One of the first questions that popped into my head when I read the story was:
“How do you even hire for that?”
Or, in cinematic parlance, “Have you ever seen Tim Robbins try to throw a fastball?”
Let me explain.
If you as a finance chief are looking for a controller, you go find someone who has extensive experience overseeing an organization’s day-to-day accounting function. If you need someone who can help plot the course for better, more dynamic forecasting, you hire an FP&A expert. If you’re worried about the risk of low cash reserves in 2024, you ask yourself if you need to upgrade your treasury position.
And if you’re filming a movie about minor league baseball that centers around a savvy veteran catcher’s relationship with a wild but talented young pitcher who throws 100 mph heat and is trying to breathe through his eyelids? Actor Tim Robbins may or may not be your man.
The point is, when you have a specific need, either in your finance team’s toolbox or maybe even within yourself, you must find the right tool for the job. And as we have seen as of late, as reported by Adam Zaki, talented employees understand their value, and they know what they want out of a job situation. That makes it all the more critical to be able to find the right fit between job needs and employee strengths.
But if you’re Jared Orton or Tim Naddy, how do you go about finding the right talent for what you need to grow your organization? Orton is the GM of the Savannah Bananas baseball team, minor league baseball’s answer to the Harlem Globetrotters. And Naddy is his vice president of finance. Not only do they need to be concerned about how to fill key executive roles to keep the team’s finances locked down amid travel dates, appearances, and lots and lots of baseballs, but they also have the on-field talent to worry about as well.

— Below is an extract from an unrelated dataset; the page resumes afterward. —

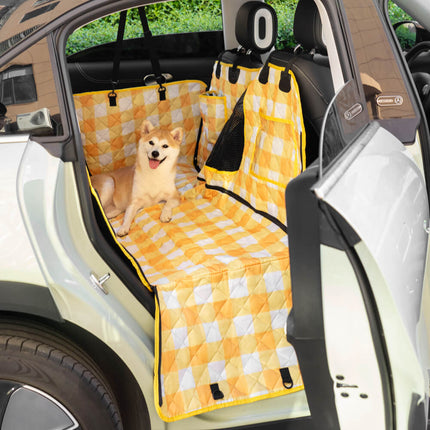 Cationic Fabric Waterproof Scratch Resistant Dog Car Seat Cover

How do you find someone who is talented enough to stand on the mound and paint the corners with his slider while also confident enough to break out into a Napoleon Dynamite dance routine during stoppage in play?
“We were trying to figure out where we could compete in the marketplace and truly build fans ... We told our coaches and our players, ‘If we don’t have this [entertainment aspect], we’re just like everyone else,’” Orton said. “And if we’re just like everyone else, then we’re going to exist like everyone else, and especially in Savannah, we’ll fail like everyone else.’”
Success for the Bananas means not being like everyone else by finding legit ball players who don’t want to work like everyone else. That sounds like building a competitive advantage to me, and every leader thinks about this when economic headwinds build up.
How do you find the right person for the right role in your finance team? What combination of experience, savvy, humor, collegiality, and forward-thinking is the right mixture to propel your group forward? And can they turn a 1-6-3 double play?